Programme Directors of old used to play a processing game (they still do to an extent). The idea was that you made your station sound “louder” than the competition by employing audio processors that made the music you played sound “bigger”. Various techniques were used, but of course it really meant reducing dynamic range – the differences between different parts of the music. Again this is an area that people will argue for hours so I’ll leave you to Google it if you want to know more. But the idea was that a listener on their FM dial would stop at the station that sounded louder and bigger than all the rest. To an extent, the competitive edge these techniques might have given a station has been diminished by the lack of dynamic range in pretty much all pop music today (Essentially, studios mastering the songs are playing the same game).

But while in the past those PDs might have “won” the loudness war, they’re losing the stereo one. And there’s no post-processing available to give it a leg up.

Stereo stations sound better than mono ones – especially in the car. If you’re mono on DAB, then you sound worse than your stereo competitors.

To be clear, this isn’t a technology issue. DAB is perfectly capable of broadcasting an excellent stereo signal. And all digital technologies are capacity constrained in some way. That’s because there’s usually a price/quality issue to address. Flick around channels on Sky and see the different levels of quality for SD or HD channels. It’s highly variable, even between channels owned by the same broadcasters. Not all SD is the same, and neither is HD. There are suspicions that some SD channels have been degraded to “encourage” viewers with ever bigger sets to upgrade to HD. It’s usually an economic/capacity argument.

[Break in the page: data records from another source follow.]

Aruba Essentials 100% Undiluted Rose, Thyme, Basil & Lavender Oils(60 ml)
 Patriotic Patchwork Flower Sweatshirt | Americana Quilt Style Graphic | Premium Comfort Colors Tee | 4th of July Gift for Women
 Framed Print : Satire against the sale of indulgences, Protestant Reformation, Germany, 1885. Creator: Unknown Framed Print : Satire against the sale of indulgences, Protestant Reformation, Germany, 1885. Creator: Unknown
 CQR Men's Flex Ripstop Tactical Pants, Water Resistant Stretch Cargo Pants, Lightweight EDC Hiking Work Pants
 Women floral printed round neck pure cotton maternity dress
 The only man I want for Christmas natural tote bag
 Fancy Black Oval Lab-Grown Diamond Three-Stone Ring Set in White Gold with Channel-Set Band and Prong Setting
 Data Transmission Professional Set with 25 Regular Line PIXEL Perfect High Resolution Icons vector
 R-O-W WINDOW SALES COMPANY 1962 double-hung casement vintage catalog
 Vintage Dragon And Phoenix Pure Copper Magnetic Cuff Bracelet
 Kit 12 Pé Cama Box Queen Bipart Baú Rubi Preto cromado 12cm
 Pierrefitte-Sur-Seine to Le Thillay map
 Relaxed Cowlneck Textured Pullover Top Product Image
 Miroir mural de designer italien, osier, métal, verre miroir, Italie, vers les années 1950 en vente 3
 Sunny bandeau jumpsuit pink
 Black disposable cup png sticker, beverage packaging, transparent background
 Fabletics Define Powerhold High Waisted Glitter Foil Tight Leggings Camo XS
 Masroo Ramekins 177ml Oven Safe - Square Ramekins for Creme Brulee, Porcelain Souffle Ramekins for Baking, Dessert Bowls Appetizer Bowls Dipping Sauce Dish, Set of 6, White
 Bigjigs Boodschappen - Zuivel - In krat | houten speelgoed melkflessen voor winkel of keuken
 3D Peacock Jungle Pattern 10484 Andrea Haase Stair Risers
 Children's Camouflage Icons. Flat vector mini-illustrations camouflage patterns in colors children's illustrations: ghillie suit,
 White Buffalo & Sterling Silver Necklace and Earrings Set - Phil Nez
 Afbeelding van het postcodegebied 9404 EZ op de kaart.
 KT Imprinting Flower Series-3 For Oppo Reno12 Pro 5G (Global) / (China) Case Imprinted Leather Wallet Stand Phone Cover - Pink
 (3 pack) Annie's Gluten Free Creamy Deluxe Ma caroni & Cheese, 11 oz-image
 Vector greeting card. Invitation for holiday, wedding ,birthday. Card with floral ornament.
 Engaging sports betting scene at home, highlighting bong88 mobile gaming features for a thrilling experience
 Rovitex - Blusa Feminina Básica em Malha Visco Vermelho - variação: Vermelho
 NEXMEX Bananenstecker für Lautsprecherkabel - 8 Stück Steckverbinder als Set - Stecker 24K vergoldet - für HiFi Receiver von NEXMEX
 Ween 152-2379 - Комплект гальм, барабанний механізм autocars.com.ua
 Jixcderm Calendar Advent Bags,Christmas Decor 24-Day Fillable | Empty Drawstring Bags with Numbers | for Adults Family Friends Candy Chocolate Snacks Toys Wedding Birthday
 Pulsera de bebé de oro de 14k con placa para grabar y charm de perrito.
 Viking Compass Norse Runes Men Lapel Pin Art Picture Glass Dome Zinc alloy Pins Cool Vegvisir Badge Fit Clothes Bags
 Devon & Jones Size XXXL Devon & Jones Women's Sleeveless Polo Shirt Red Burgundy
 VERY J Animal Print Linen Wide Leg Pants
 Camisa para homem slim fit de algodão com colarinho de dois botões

DAB+ is more efficient, and could improve things. But there’s a complicated equation based around distribution costs, sound quality and audience reaction. A service using DAB+ uses less capacity than the equivalent quality DAB service. So as a broadcaster do you bank the savings from your reduced distribution costs using DAB+, or pay the same and improve the quality? Let’s just say we’ve not seen many people do the latter.

The closing date for applications for the second national digital radio multiplex is soon, and we can hope that the winning bid means a bit more space for stations to breathe. Maybe a broadcaster might be willing to move a current service across from D1 to D2 and give it more bandwidth? The flipside is that D2 – certainly at launch – won’t have anything like the coverage of D1. And depending on the plans of the winning bidder, it may never get that coverage.

While the picture is a little gloomy nationally, it should be noted that these space constraints don’t tend to be as much of an issue locally. If you look around the country, your local commercial services are usually in stereo. But then stereo radio has been around since the 70s in this country, and we should be looking beyond stereo, and not backwards to mono.